2. Aceleración en la formación de tofos gotosos
Estudios clínicos han demostrado que los pacientes con hiperuricemia y hábito tabáquico desarrollan tofos —depósitos sólidos de urato— en manos, pies y otras articulaciones hasta cuatro años antes que los no fumadores. Además, estos depósitos tienden a ser más voluminosos y refractarios al tratamiento convencional.
3. Sobrecarga adicional sobre el sistema cardiovascular y renal
La hiperuricemia por sí sola promueve disfunción endotelial y estrés oxidativo. Al sumarse el monóxido de carbono y las especies reactivas de oxígeno del humo del tabaco, se genera un efecto sinérgico lesivo: se agrava la aterogénesis, se incrementa la rigidez arterial y se eleva significativamente el riesgo de infarto de miocardio e insuficiencia renal crónica.
Beneficios comprobados tras la cesación tabáquica
1. Descenso progresivo de los niveles séricos de ácido úrico
Tras tres meses de abstinencia total, la mayoría de los pacientes presenta una normalización parcial del metabolismo de las purinas. Los valores de ácido úrico en sangre comienzan a descender de forma consistente, incluso sin cambios dietéticos adicionales.
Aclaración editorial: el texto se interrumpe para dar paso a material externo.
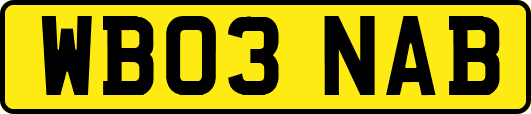 WB03NAB
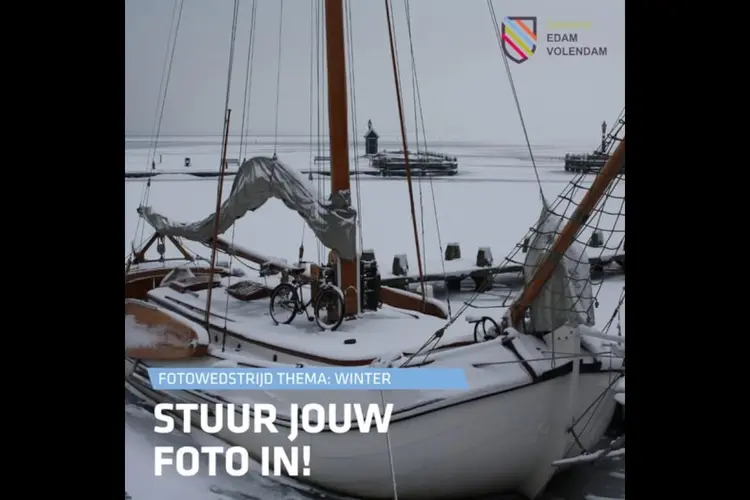 Stuur jou winterfoto in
2. Mejora de la respuesta terapéutica a los fármacos hipouricémicos
Al eliminar la interferencia farmacocinética y farmacodinámica de la nicotina, los medicamentos como alopurinol o febuxostat alcanzan concentraciones plasmáticas óptimas y ejercen su efecto inhibidor de la xantina oxidasa con mayor eficacia. En muchos casos, se logra mantener el objetivo terapéutico (< 6 mg/dL) con dosis menores.
3. Reducción sistémica de la inflamación
La cesación tabáquica se asocia con una disminución significativa de marcadores inflamatorios como la proteína C reactiva y las interleucinas 1β y 6. Esto se traduce clínicamente en menos episodios de artritis aguda, menor edema articular y una mejor respuesta a los tratamientos antiinflamatorios no esteroideos.
No espere a que los análisis muestren deterioro renal o lesiones vasculares irreversibles para actuar: la hiperuricemia es, en sí misma, una señal temprana de estrés metabólico y daño endotelial. Iniciar un plan gradual de reducción del consumo de tabaco —por ejemplo, sustituyendo el primer cigarrillo matutino por chicle sin azúcar o utilizando apoyo psicológico y farmacológico validado— puede marcar una diferencia decisiva en la evolución a largo plazo de la gota y sus complicaciones. Para comenzar, anote durante una semana su ingesta alimentaria, patrón de sueño y exposición al tabaco: ese registro será la primera herramienta objetiva para diseñar una estrategia personalizada de control integral.